Shortly afterwards a Russian-backed separatist movement took up arms in eastern Ukraine, sparking a conflict that has killed more than 10,000 people.
Russia's actions in Ukraine have prompted the European Union and the United States to impose sanctions on both companies and individuals, from business figures to politicians. In response, Moscow has imposed an embargo on key EU food imports.
Russia is also involved in frozen conflicts in other ex-Soviet countries, backing breakaway authorities in Transdniestr in Moldova and in Abkhazia and South Ossetia in Georgia, with whom it fought a brief war in 2008.
- United States -
Putin initially appeared to welcome the election of Donald Trump before relations deteriorated into a new Cold War-style standoff, with the superpowers also deeply divided over the conflicts in Ukraine and Syria.
Washington has indicted 13 Russian citizens and threatened to issue sanctions over Russia's alleged meddling in the 2016 US presidential election, reportedly through a covert campaign organised on social media.

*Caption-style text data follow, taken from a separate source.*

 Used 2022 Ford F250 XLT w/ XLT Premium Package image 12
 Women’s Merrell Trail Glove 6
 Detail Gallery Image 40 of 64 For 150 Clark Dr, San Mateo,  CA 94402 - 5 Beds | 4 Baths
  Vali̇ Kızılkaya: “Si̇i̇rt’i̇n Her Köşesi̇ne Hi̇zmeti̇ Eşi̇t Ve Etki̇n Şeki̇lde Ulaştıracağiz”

Trump has played down the allegations, however, while acknowledging Russia and other countries interfered in the race.
Russia has repeatedly voiced concern over NATO encroaching on its borders and opposes the anti-missile shield that the US and its NATO allies are deploying in eastern and central Europe.
Earlier this month, Putin unveiled a new arsenal of hypersonic weapons which are being developed and tested which he claimed could evade any air defence and anti-missile systems, prompting the US to accuse Moscow of breaching Cold War-era treaties.
- North Korea -
Russia has retained some of its Soviet-era ties to the hardline isolationist regime in North Korea, with which it shares a land border, but backs United Nations resolutions condemning its multiple tests of nuclear weapons and missiles.
Moscow has repeatedly urged North Korea to return to six-party talks with Russia, the US, South Korea, Japan and China that broke down almost a decade ago.
- Search for new allies -
Dogged by Western sanctions, Russia has reached out to build new alliances, particularly with the powerful economies of China, where it has struck a deal to sell oil, and India, where state-controlled Rosneft has acquired a large stake in refiner Essar Oil.
It has also backed the socialist regimes of Hugo Chavez and his successor Nicolas Maduro in Venezuela. Along with China, Russia is the biggest lender to the crisis-stricken country.
Russia has affirmed "unshakeable solidarity" with Communist Cuba and last year criticised Trump for reversing Barack Obama's deal to restore ties with Havana.